The postal service is the last one I shall mention, and I mention it last for a reason. Much like the previous category, public sales, it could be used either way, although more by publishers. LOC (letters of comment) columns provided a minor way for readers (who were not always buyers, although again they overwhelmingly fell into this category) to generate content, but again this was, and is, a publisher-dominated content delivery system. Importantly, this mode of content delivery permitted a limited form of customization, because now the user of the delivery system knew who was receiving the content. In theory, each item could be modified based on knowledge of the reader at the given address. Insofar as I know, there was no regulation of such activity.
This slight diversion down memory lane should serve to awaken a question in the reader: how do the algorithms of Google, et al, fit into this picture of content delivery?

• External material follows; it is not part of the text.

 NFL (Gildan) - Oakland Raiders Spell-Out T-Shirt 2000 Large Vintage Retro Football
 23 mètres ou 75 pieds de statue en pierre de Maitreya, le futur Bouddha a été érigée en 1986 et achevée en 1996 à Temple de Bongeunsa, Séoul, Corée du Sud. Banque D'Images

The closest categorization is the last one listed, the postal service delivery system, because each recipient can be, and in technical fact has to be, distinguished from the others. Once collection of data extraneous to the technical requirements of delivery commences, the items delivered can be modified based on the extraneous data – and possibly the non-extraneous data as well, to be entirely anal about it. Keeping in mind my long term theme that computers are multipliers, the ability to modify items based on the extraneous data is boosted to the nth degree, compared to the prior generation postal delivery system. This ability to customize is then applied to items both actively collected by the company, as well as those independent content generation entities who are using the company’s delivery system to send content to readers.
And this, I contend in my legal ignorance, is what will end up generating an entirely new categorization for the noted companies, much to their dismay. This massive ability to customize, and the lack of control of the providing company over that content, will make them unique – and subject to regulation.

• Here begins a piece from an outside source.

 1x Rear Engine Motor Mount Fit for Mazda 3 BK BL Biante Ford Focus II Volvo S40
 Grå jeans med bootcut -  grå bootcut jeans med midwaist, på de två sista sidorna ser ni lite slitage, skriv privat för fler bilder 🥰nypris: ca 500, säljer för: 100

I hope the questions used while formulating such regulations will include questions regarding the appropriateness of customizing political content to separate users – if one political message generated by, or for, candidate A contradicts another from the same content generator, but is only viewable by non-intersecting subsets of the receivers of the messages, is this an appropriate and desirable use of the medium? If not, then what do you do about it? Ban the entire service a priori, or attempt to detect and punish a posteriori, after the damage is done?
In the end, categorization is the marvelous tool of the human intellect, but one must always remember that they are often imperfectly defined; new categorizations should always be kept in mind, but will always be driven by the goals of those doing the categorization.